Tuesday March 28th. 4:30pm, Teatro Santa Ana
“Deftly woven into a journal/timeline, [Pandexicon] takes us through two years of surrealism and limbo.”
~Margaret Atwood
Award-winning author Wayne Grady presents his hot-off-the-press book, Pandexicon, an exploration into how the Covid-19 pandemic has changed our lives. Subtitled How the Language of the Pandemic Defined Our New Cultural Reality, the book is arranged as a concise dictionary of 70 Covid-related words and phrases we now use in everyday speech. Using examples extracted from three years of media-watching, Grady riffs on familiar terms such as face mask, social distancing, and self-isolation that have taken on new meanings, and phrases such as flatten the curve, herd immunity, and long Covid that have become permanent fixtures in our social discourse.

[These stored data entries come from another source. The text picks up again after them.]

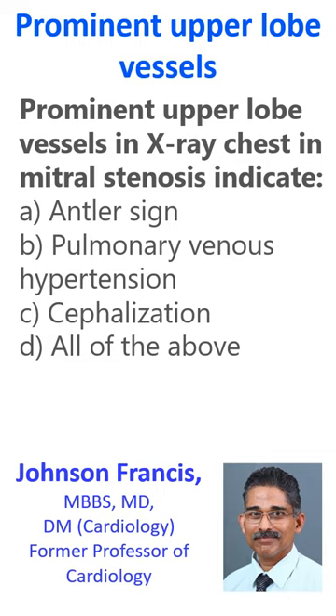Mitral stenosis is associated with the development of pulmonary hypertension. When the severity of pulmonary venous hypertension increases, there is a redistribution of pulmonary blood flow towards the upper lobes. This is known as cephalization. It is also known as the antler sign and upturned moustache sign.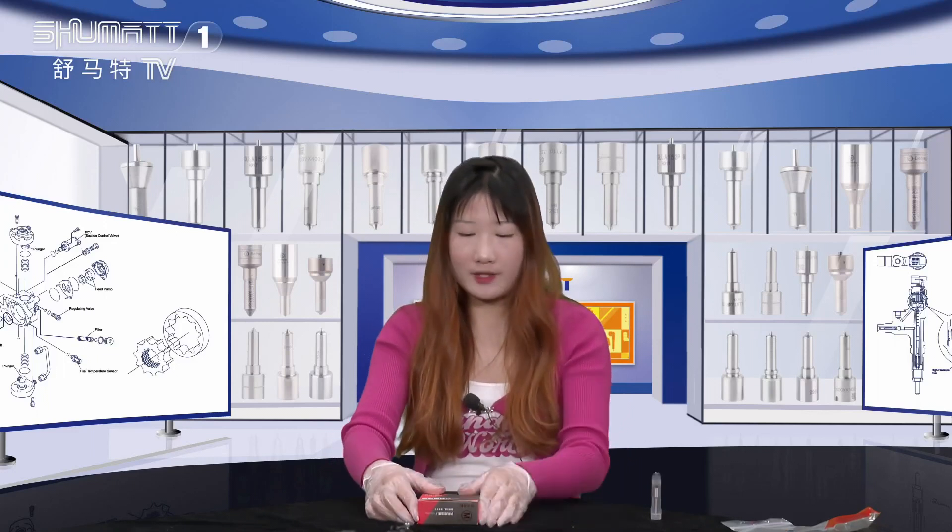Hello ladies and gentlemen, welcome to our Shumanda's live channel. I'm Kate Flynn. Our company specializes in Camryo diesel parts, and today the product we'd like to show you is our inject nozzle.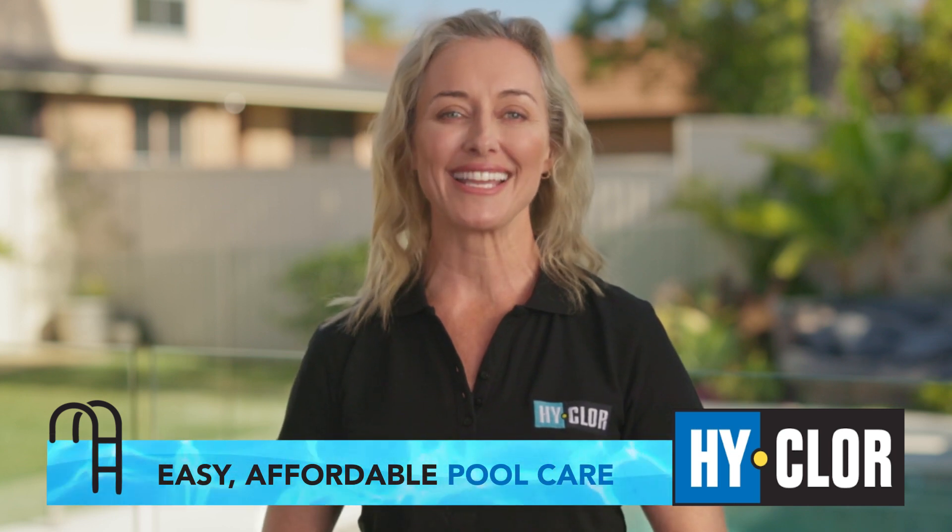Maintaining a pool can be challenging, but it doesn't need to be. Highclaw makes DIY pool care easy and saves you money with a range of free tools and helpful advice.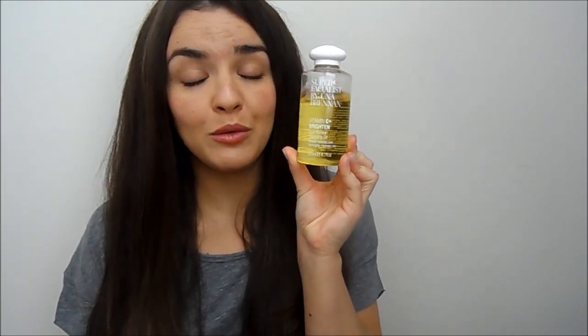Cleansing with something thorough but gentle and slightly brightening, like the Una Brennan Vitamin C cleansing oil, will be really helpful. It's very gentle and helps lift impurities, and you can also give your skin a really good massage while you're doing it, which really helps to brighten the appearance of your skin.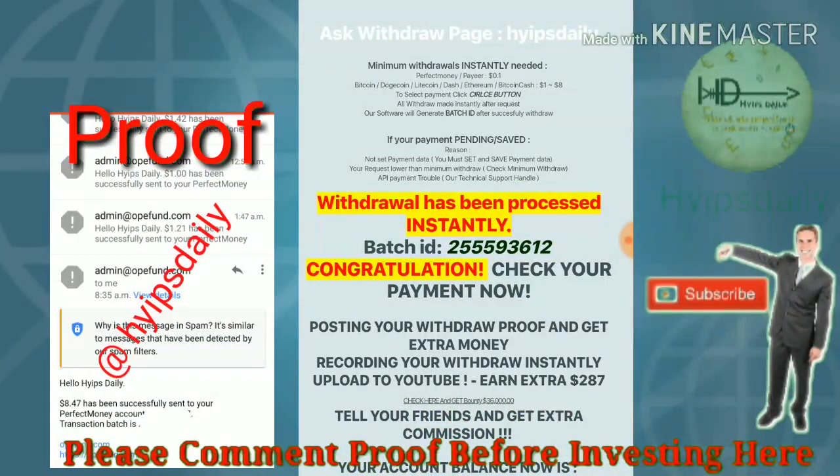Here you can see my batch ID was produced. If my batch ID is generated, which means the site is currently paying.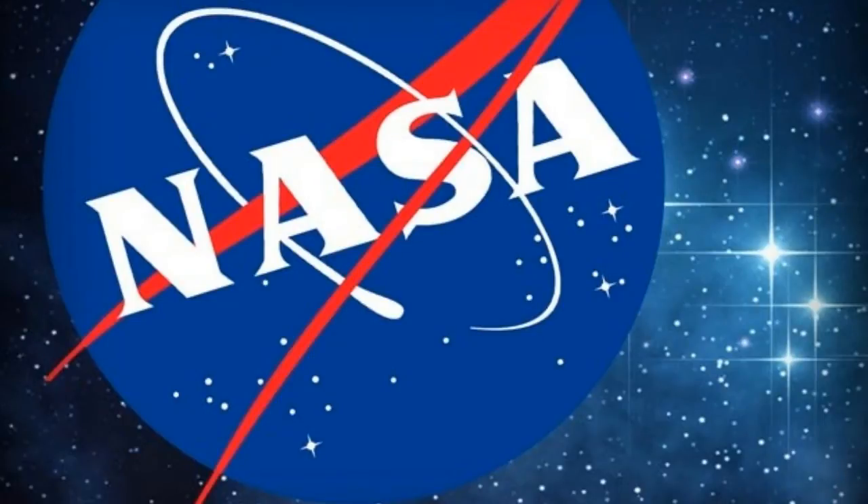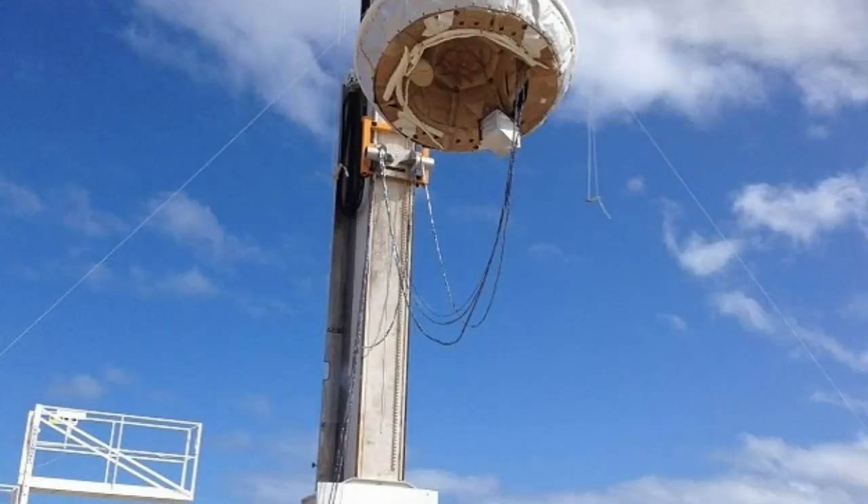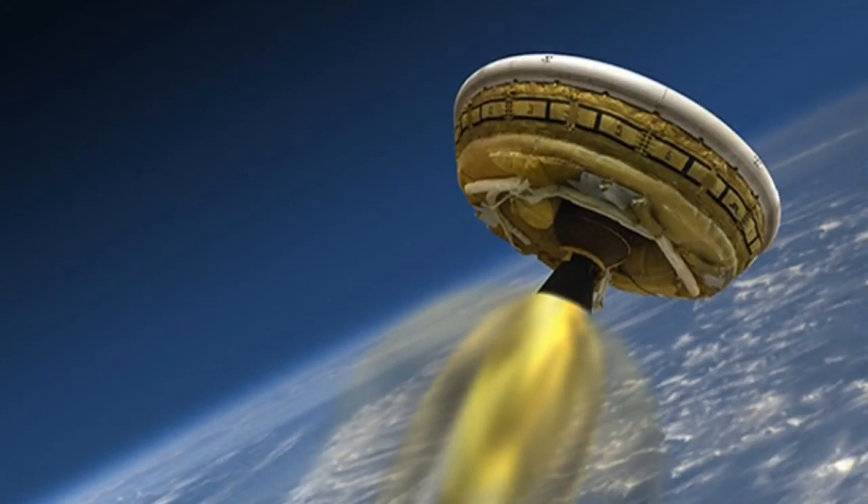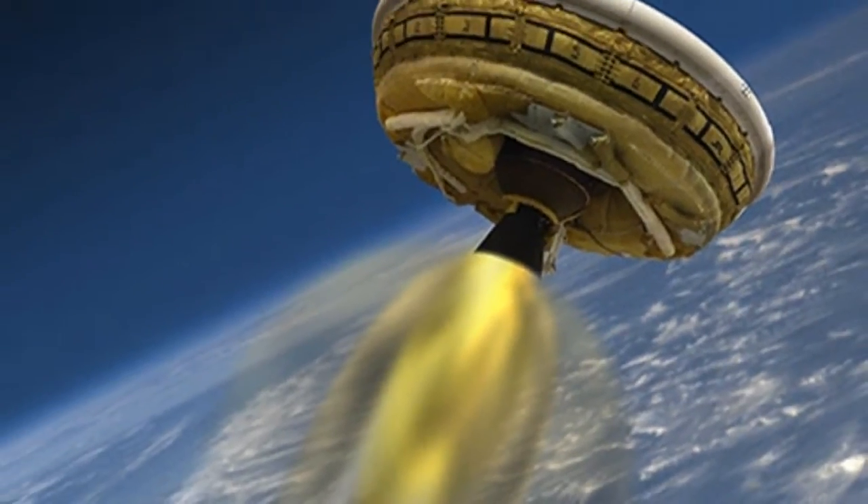As the vehicle began to slow, it deployed the first of its two new atmospheric braking systems. This first system was a 6-metre, 20-foot inflatable donut. It enlarged the LDSD's girth and so will have slowed the saucer further by increasing the amount of drag it experienced.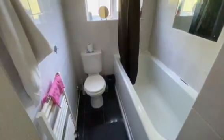Back into the hallway and into your bathroom, which features a low-level WC, a wall mounted shower unit over the bath, wash hand basin, tiled walls, tiled flooring, and spotlights.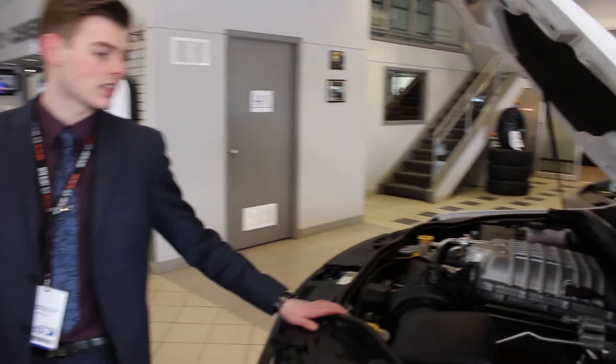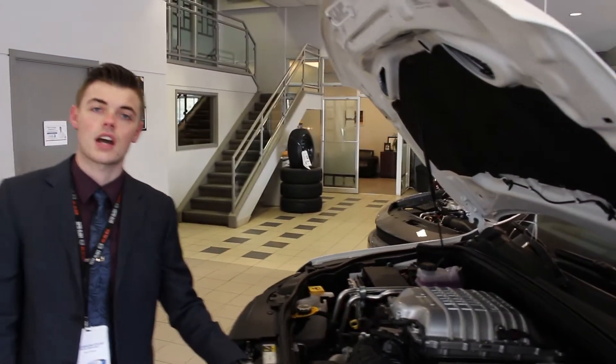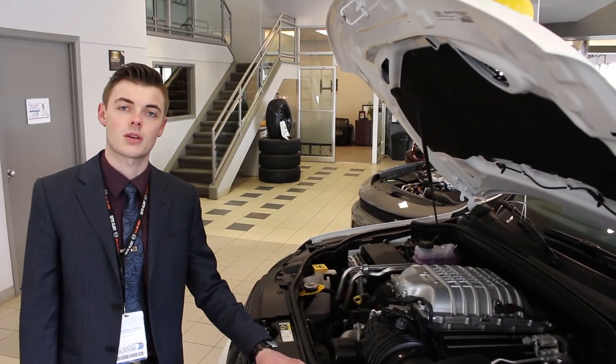So, once again, Classic Shan down at St. Albert Dodge. Very, very excited to have you guys down to our store — St. Albert Dodge, off St. Albert Trail.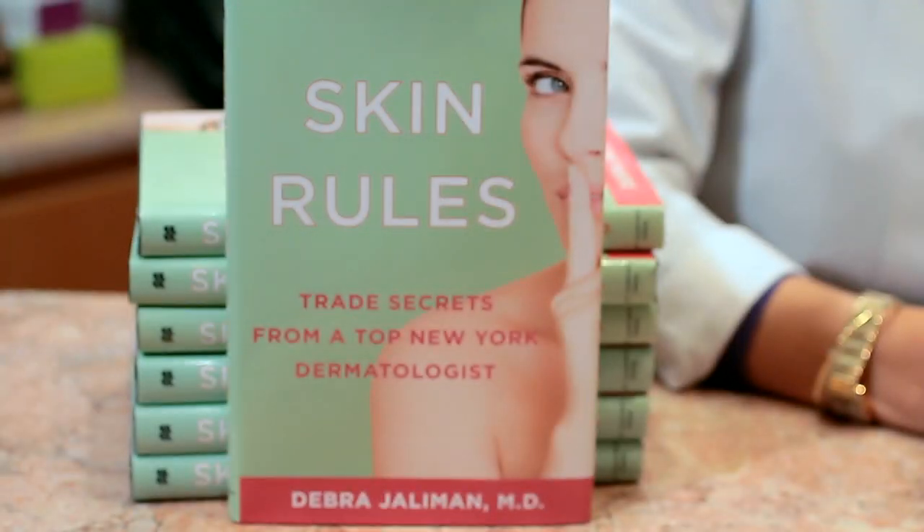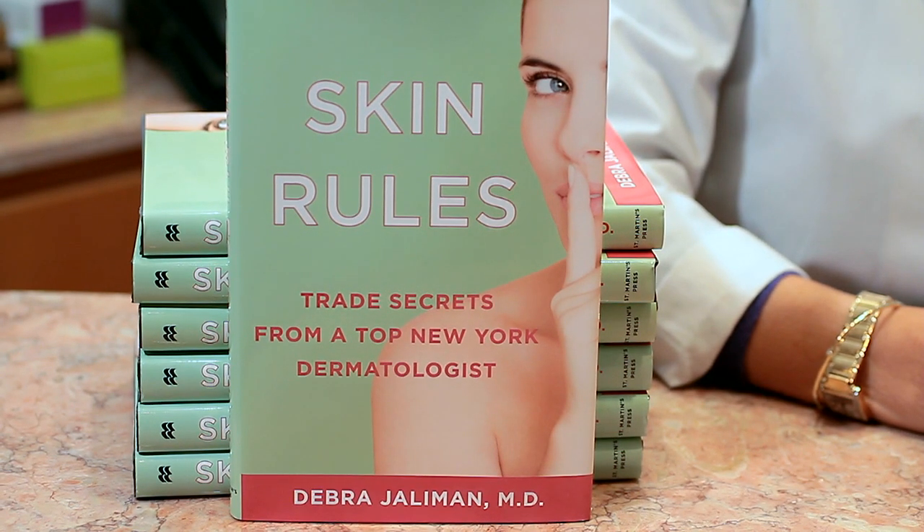Hi, this is Dr. Debra Jalleman, a board-certified dermatologist in New York City and author of the book Skin Rules: Trade Secrets from a Top New York Dermatologist, here to talk about the best treatments for a 60-year-old woman. What can you do to make your skin look better?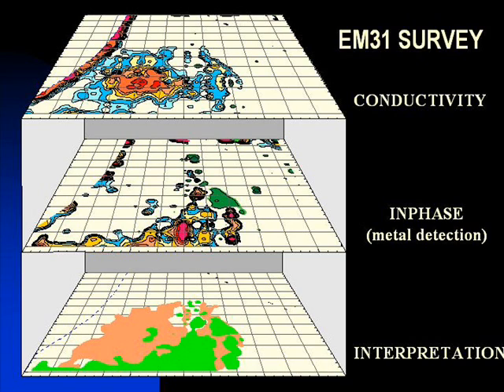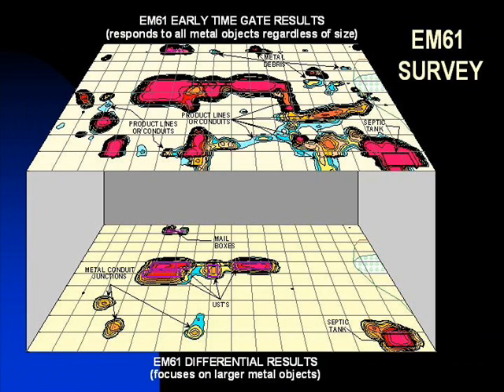For defining buried waste or delineating landfills, we recommend an EM31 survey which collects apparent ground conductivity and metal detection data. EM61 metal detection surveys are used to locate buried metal tanks, drums, conduits, and other metal objects or debris.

The pandemic, Grady argues, has entered our language as it has entered our lives, changing forever the way we relate to each other, and to ourselves.
Following a short introductory talk, Grady will engage in an on-stage conversation with Mark O’Neill, former CBC producer, now president of Amistad Canada. Copies of Pandexicon will be available for purchase. Proceeds from ticket sales and book sales will go to Biblioteca educational programs.
About Wayne Grady
Since the 1993 publication of his first book, The Dinosaur Project – about the hidden connections between the dinosaurs of China and North America –Wayne Grady has become one of Canada’s top science writers. In his 14 subsequent books of nonfiction, he explores such topics as global warming in the High Arctic, the evolution of birds from dinosaurs, New World vultures, the natural history of the Great Lakes, and the place of Homo sapiens in nature. He has received Canada’s Science in Society Award four times, as well as the U.S. Outdoor Book Award (for The Great Lakes) and the New York Public Library’s Best Book for Young Readers Award (for The World of the Coyote). Grady is also a celebrated translator and novelist: his novel Emancipation Day won the 2013 Amazon.ca First Novel Award and was longlisted for the Scotiabank Giller Prize. Up From Freedom was widely acclaimed as a Best Book of 2018. He and his wife, author Merilyn Simonds, divide their time equally between San Miguel de Allende, Mexico, and Kingston, Ontario.